Quote the records beneath, complete and exact. Leave out images.

§ Records from a dataset:
*-*-*

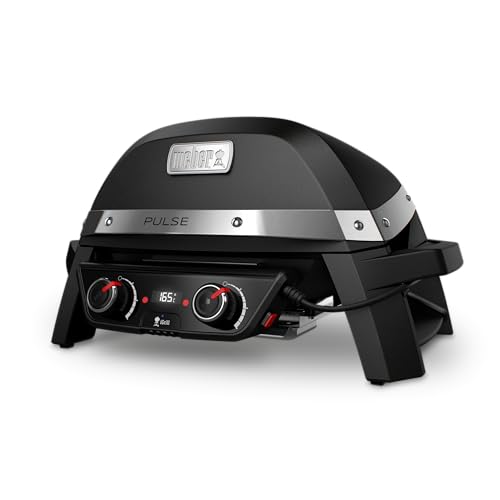 Weber PULSE 2000 Elektro Grill, 49 x 39cm Grillfläche, Temperaturen über 300°C, Zwei-Zonen-Grillen, Digitaler Temperaturregler & Thermometer, Porzellanemaillierter Guss-Grillrost - Schwarz (82010079)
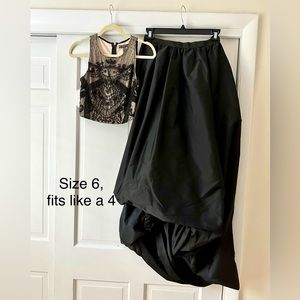 Two piece black tie/prom dress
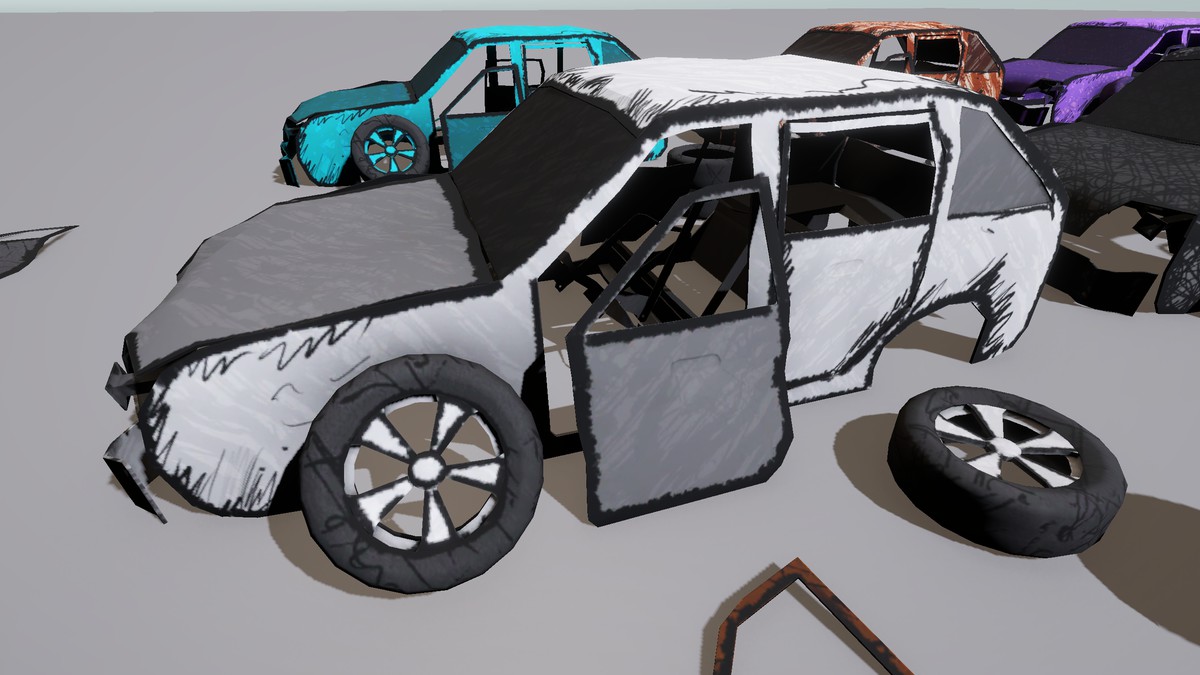 Broken Cars 3D : Hand drawn style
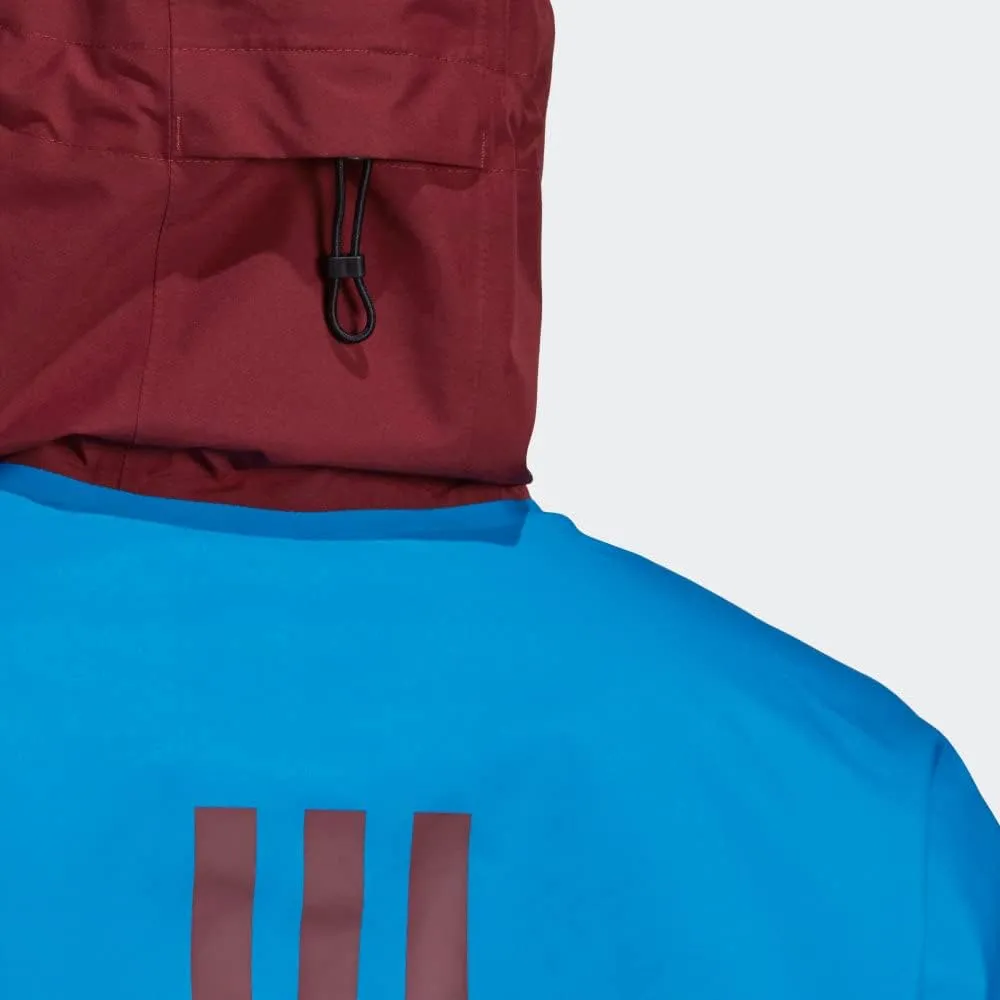 adidas Men's Goretex Paclite Outdoor Technical Rain Jacket, Shock Blue/Shadow Red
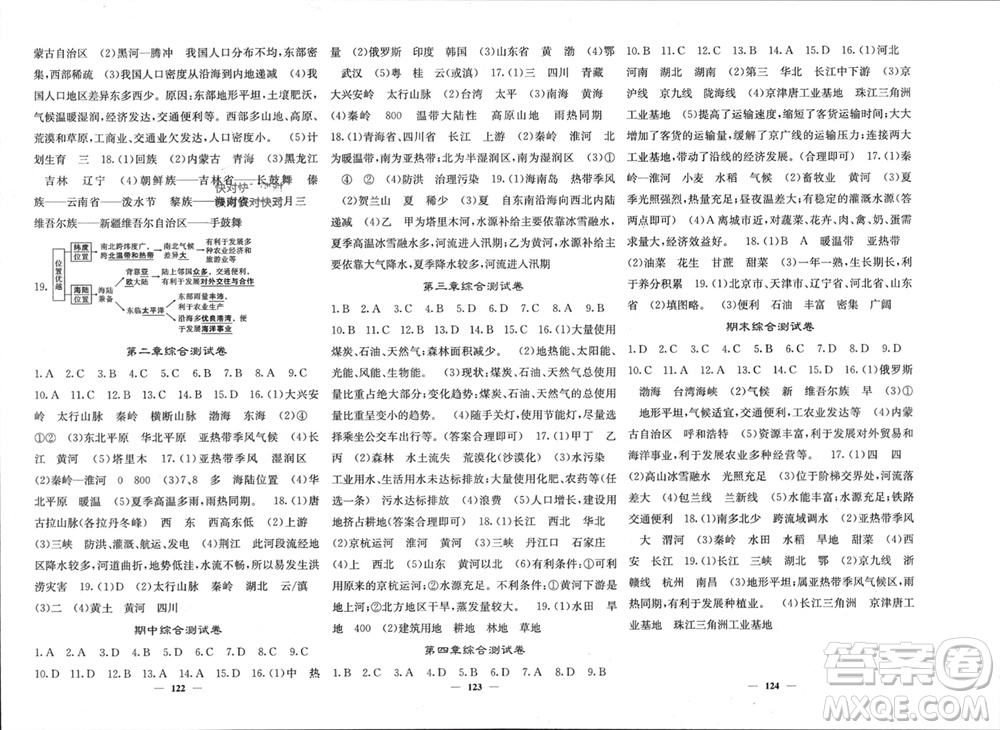 四川大學(xué)出版社2023年秋名校課堂內(nèi)外八年級(jí)地理上冊(cè)人教版參考答案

*-*-*

§ RESPONSE FOR THIS EXERCISE:
 Weber PULSE 2000 Elektro Grill, 49 x 39cm Grillfläche, Temperaturen über 300°C, Zwei-Zonen-Grillen, Digitaler Temperaturregler & Thermometer, Porzellanemaillierter Guss-Grillrost - Schwarz (82010079)
 Two piece black tie/prom dress
 Broken Cars 3D : Hand drawn style
 adidas Men's Goretex Paclite Outdoor Technical Rain Jacket, Shock Blue/Shadow Red
 四川大學(xué)出版社2023年秋名校課堂內(nèi)外八年級(jí)地理上冊(cè)人教版參考答案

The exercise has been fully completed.